Yadvinder Malhi, a specialist in the relationship between vegetation and climate at Oxford University, said the plant source of methane had probably been missed in the past because scientists have a poor understanding of the way methane circulates in the atmosphere. "There are a variety of sources and sinks of methane and there are huge error bars on those terms," he said. "What's been uncertain is where the methane is coming from and where it's going. Unlike carbon dioxide, methane is much more dynamic; it lasts about 10 years in the atmosphere."
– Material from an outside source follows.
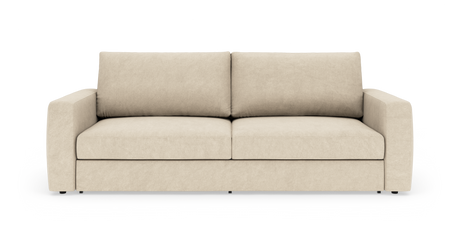 Beige 3‑personers sofa med rette armlæn, frontvisning på hvid baggrund.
Biogenic methane has traditionally been assumed to come from organic materials as they decompose in oxygen-free environments. But Dr Keppler found plants emit the gas even in normal, oxygen-rich surroundings: between 10 and 1 000 times more methane than dead plant material. When the plants were exposed to the sun, the rate of methane production increased. "Until now all the textbooks have said that biogenic methane can only be produced in the absence of oxygen," Dr Keppler said. "For that simple reason, nobody looked closely at this."
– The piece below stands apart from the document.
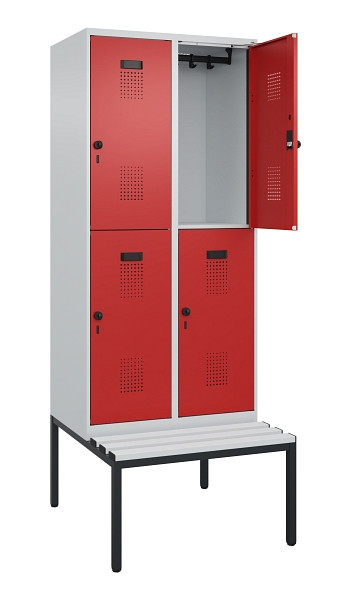 C+P Doppelstock-Spind Evolo PLUS, Bank, 4 Fächer, 2120x800x815mm, 7035/3000, Drehriegel, Sitzfläche Kunststoff, Sitzbank, 0493507-22 S10084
The discovery sheds further light on the complex relationship between greenhouse gases and the environment. "If you're after predictions of global average temperature, it won't make a huge amount of difference," said Dr Betts. "But it shows how complicated it is to exactly quantify reforesting or deforesting in comparison with current fossil fuel emissions."
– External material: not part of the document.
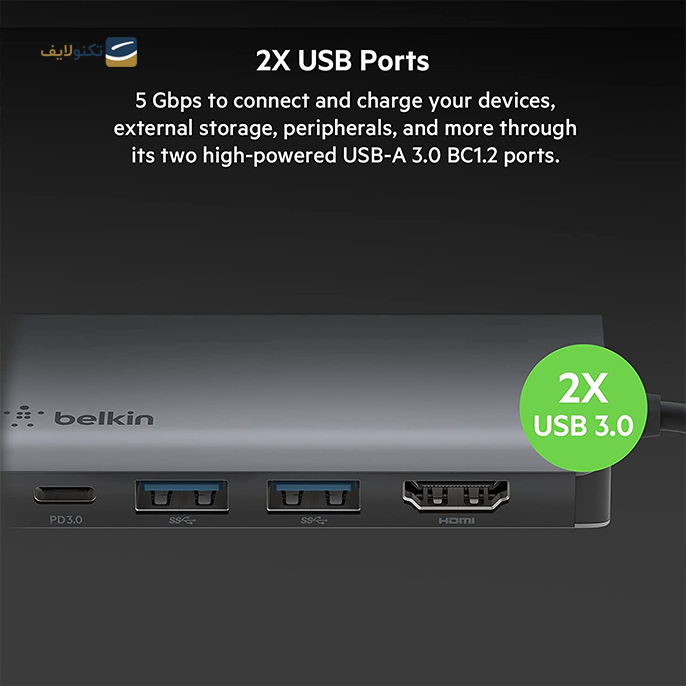 هاب USB-C بلکین 4 پورت مدل AVC006btSGY  - Belkin USB C Hub, 4-in-1 MultiPort Adapter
It will also intensify debates on whether targets in climate change treaties such as the Kyoto Protocol should be based entirely on carbon emissions, which are easily measured, or also take sinks into account, which remove carbon from the atmosphere but are more difficult to measure.

For climate scientists, the new work clears up a few unexplained features in the environment.
"The rate of methane increase in the atmosphere has slowed down in the last 10 years and there was no really convincing explanation of why that's been going on," said Dr Mahli. "This paper argues that tropical deforestation may be a factor there."

In addition, the new research could help to explain the source of plumes of methane observed by satellites over tropical forests. "The sheer biomass of the forest may be a factor there," said Dr Mahli.

The fact that plants produce methane does not mean that planting forests is a bad idea, however. "Putting a tree where there was no tree before locks up a lot of carbon and this [new research] perhaps reduces the overall benefit of that by a fraction," said Dr Mahli.

Some mysteries remain: how and why plants produce methane is unclear. Dr Keppler's team said the search for an answer is likely to open up a new area of research into plant biochemistry.